Tak semua warga di Britania Raya bisa memperoleh akses tes corona. Pun yang punya gejala, diminta isolasi mandiri selama 14 hari.
M RIDHUAN, Balikpapan
Sejak Britania Raya menerapkan lockdown pada 23 Maret lalu, banyak aktivitas masyarakat yang dibatasi. Untuk berbelanja pun, antrean diterapkan di luar toko. Membatasi jumlah manusia di dalam bangunan. Kondisi ini tentu menghabiskan banyak waktu. Apalagi pada jam tertentu antrean bisa mengular.
“Kami pun harus jaga jarak selama mengantre,” sebut Riki Herliansyah, dosen Program Studi Matematika, Institut Teknologi Kalimantan (ITK) Balikpapan, yang kini berada di Edinburgh, Skotlandia.
Berjalan-jalan pun tak lagi menyenangkan. Jika dulu warga tak masalah berdekatan saat berpapasan, kini beberapa ada yang menghindar jika dalam satu trotoar. Hal ini tentu membawa efek bagi warga lokal yang dikenal ramah, maupun pendatang yang terbiasa dengan kenyamanan kota.
Berbagai cara dilakukan Riki untuk tetap semangat dan sehat menjalani aktivitasnya. Baik sebagai mahasiswa calon doktor filsafat (PhD) di Universitas Edinburgh, atau sebagai seorang muslim yang menjalani ibadah puasa selama Ramadan ini. “Di sini puasanya rata-rata kurang lebih 18-19 jam,” ungkapnya.

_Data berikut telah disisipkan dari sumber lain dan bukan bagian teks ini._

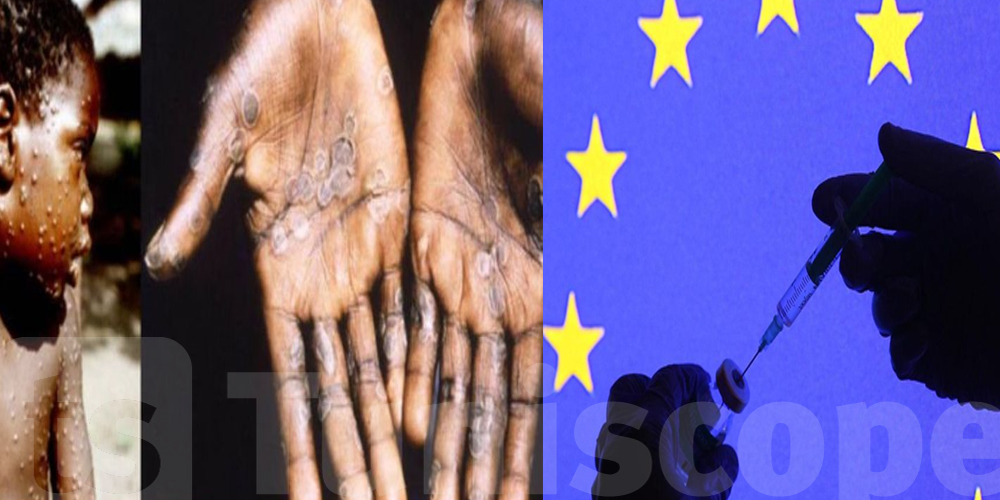 Variole du singe : l'UE prépare des achats groupés de vaccins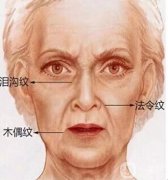打去皺紋針的危害有哪些呢?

Bahkan dia sempat merasakan 20 jam berpuasa ketika waktu berbuka jatuh pada pukul 21.00 dan sahur di pukul 01.00. Namun, karena tinggal bersama teman dan keluarganya, suasananya menyenangkan karena ramai ketika berbuka dan sahur.
“Saat ini buka puasanya pukul 21.30 dan salat Isya pukul 23.11. Sedangkan salat Subuh mulai pada pukul 03.01,” ujarnya.
Kondisi ini membuatnya tidak tidur setelah salat Tarawih. Tanggung. Jadi, dia mengubah pola tidur setelah salat subuh sampai siang sebelum salat zuhur. Di sela waktu salat, dihabiskannya dengan melakukan riset dan tadarus.
“Pernah juga waktu di Australia saya sempat berpuasa. Namun, waktunya jauh lebih singkat dibandingkan di Indonesia,” kata pria yang menyelesaikan studi S2-nya di Universitas New South Wales, Sydney, Australia, itu.
Lantaran semua masjid ditutup akibat lockdown, salat Tarawih dilakukan di rumah. Berjamaah bersama teman dan keluarganya. Pengajian diubah secara online. Kini banyak diselenggarakan oleh Keluarga Islam Britania Raya (KIBAR) bekerja sama dengan KBRI dan beberapa komunitas muslim lainnya.
“Sempat juga mengadakan bukber (buka bersama) online yang diselingi dengan lomba ‘Mug Coooking’ dan saya menang ternyata. Lumayan dapat voucher belanja, ha-ha-ha,” tawa pemuda asal Kutim itu.
Untuk menu berbuka, Riki tak khawatir selera Indonesianya hilang. Karena tinggal bersama teman yang pandai memasak, jadi menunya bervariasi. Kadang masak mi ayam, asinan bogor, siomay, bakwan, bakso, soto betawi, atau sekadar lalapan tahu tempe sambel mentah.
“Pengalaman puasa di sini, kalo dibilang capek rasanya tidak juga. Selama kita sahur dengan baik. Apalagi lockdown, lebih banyak di kamar,” katanya.